§ WORK INSTRUCTIONS:
Please print the full listing below exactly, but not the pictures in it.

(RECORDS SHOWN begins)

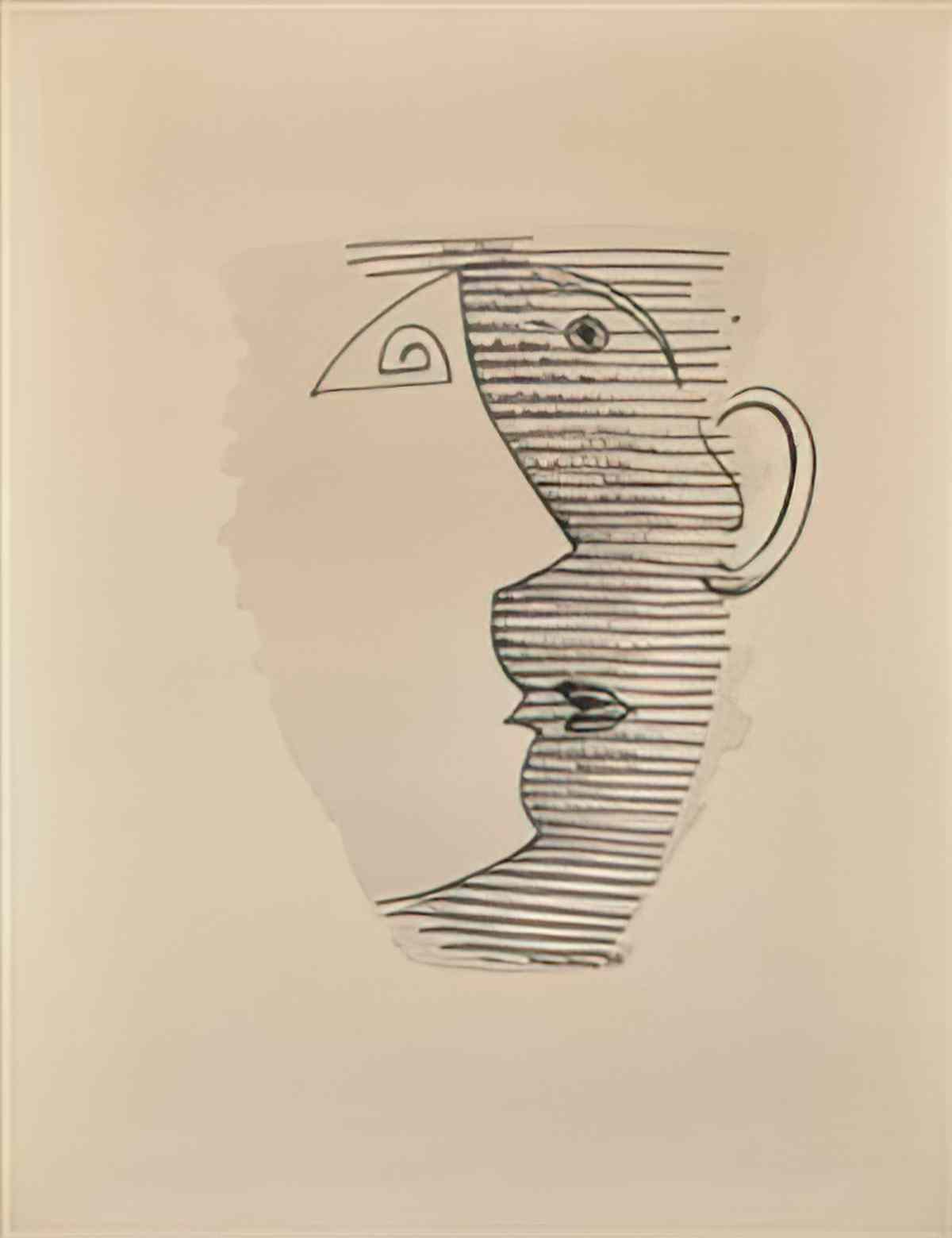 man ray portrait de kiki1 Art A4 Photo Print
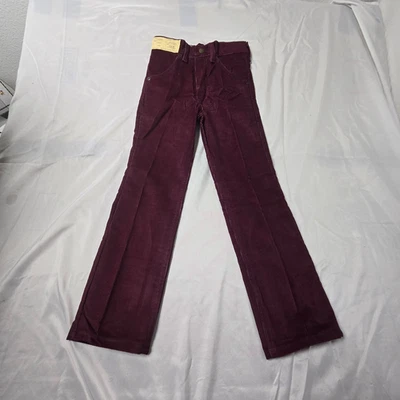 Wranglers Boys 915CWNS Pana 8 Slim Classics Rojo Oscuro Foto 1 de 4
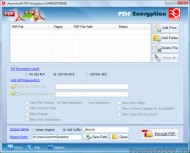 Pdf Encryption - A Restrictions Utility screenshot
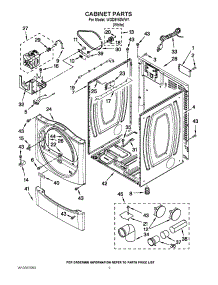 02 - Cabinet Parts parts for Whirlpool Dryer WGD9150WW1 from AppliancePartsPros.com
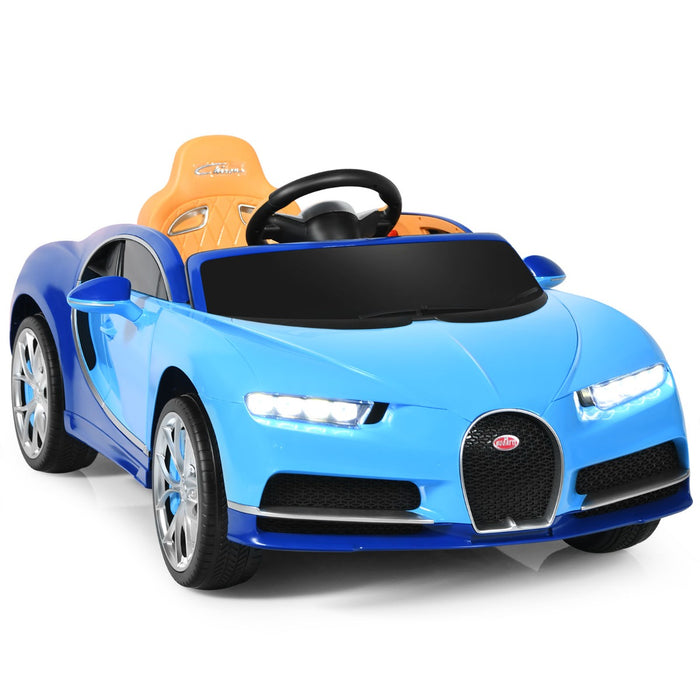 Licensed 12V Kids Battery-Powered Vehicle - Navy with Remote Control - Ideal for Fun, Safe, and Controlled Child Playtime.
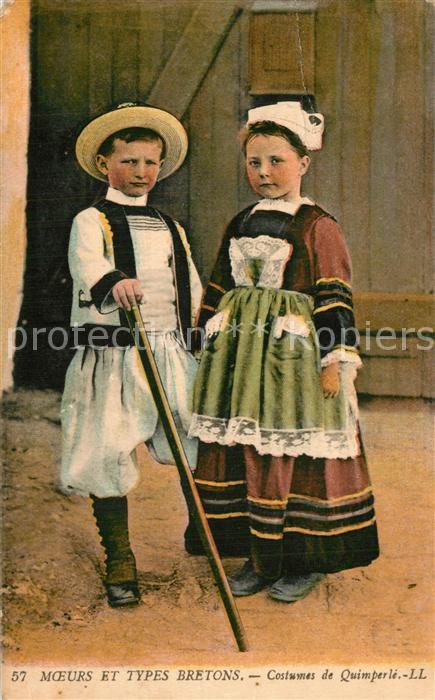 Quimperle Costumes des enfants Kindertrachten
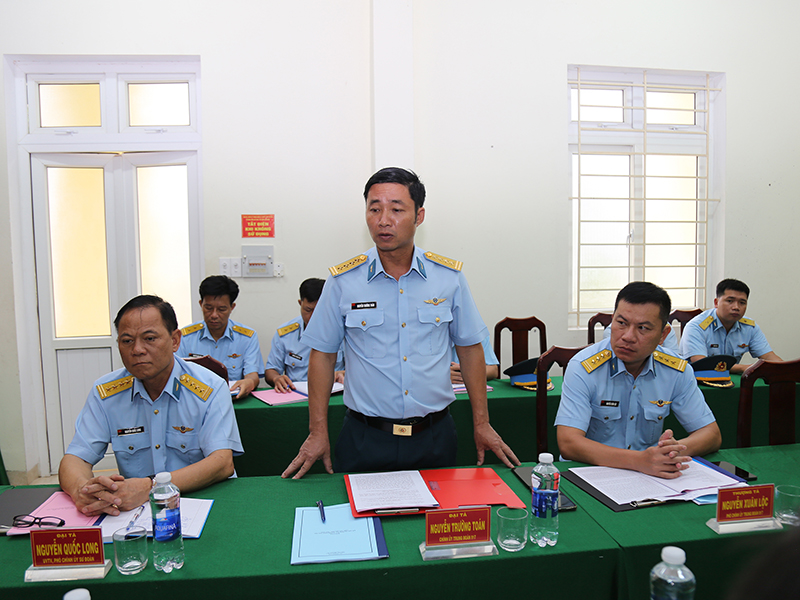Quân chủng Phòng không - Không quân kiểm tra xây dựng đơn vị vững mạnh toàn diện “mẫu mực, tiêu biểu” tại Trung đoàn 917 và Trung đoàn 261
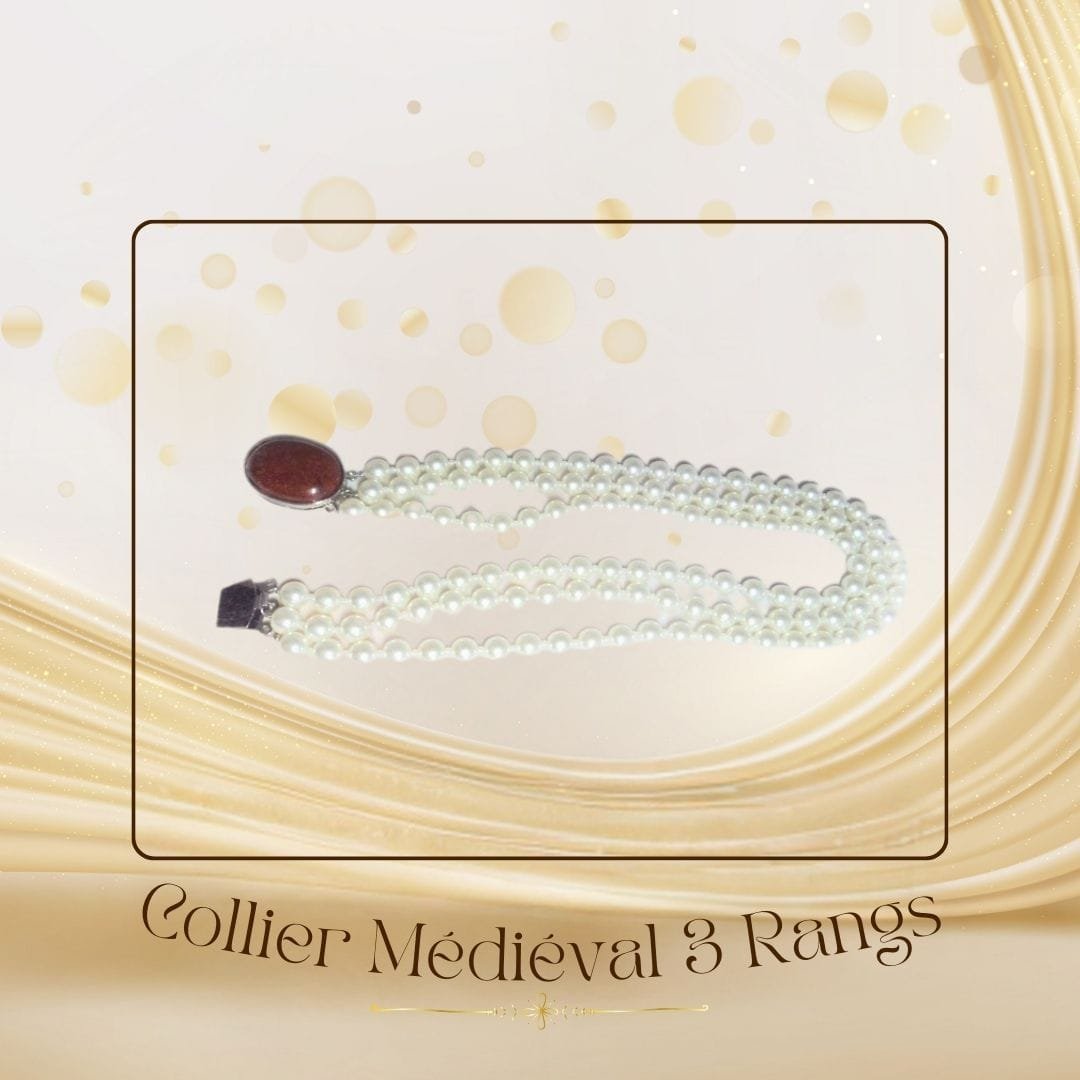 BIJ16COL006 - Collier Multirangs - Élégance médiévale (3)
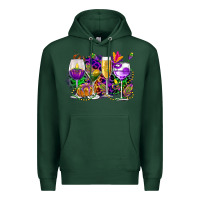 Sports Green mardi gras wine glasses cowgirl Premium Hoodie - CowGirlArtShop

(RECORDS SHOWN ends)

§ ANSWER AREA:
 man ray portrait de kiki1 Art A4 Photo Print
 Wranglers Boys 915CWNS Pana 8 Slim Classics Rojo Oscuro Foto 1 de 4
 Pdf Encryption - A Restrictions Utility screenshot
 02 - Cabinet Parts parts for Whirlpool Dryer WGD9150WW1 from AppliancePartsPros.com
 Licensed 12V Kids Battery-Powered Vehicle - Navy with Remote Control - Ideal for Fun, Safe, and Controlled Child Playtime.
 Quimperle Costumes des enfants Kindertrachten
Quân chủng Phòng không - Không quân kiểm tra xây dựng đơn vị vững mạnh toàn diện “mẫu mực, tiêu biểu” tại Trung đoàn 917 và Trung đoàn 261
 BIJ16COL006 - Collier Multirangs - Élégance médiévale (3)
 Sports Green mardi gras wine glasses cowgirl Premium Hoodie - CowGirlArtShop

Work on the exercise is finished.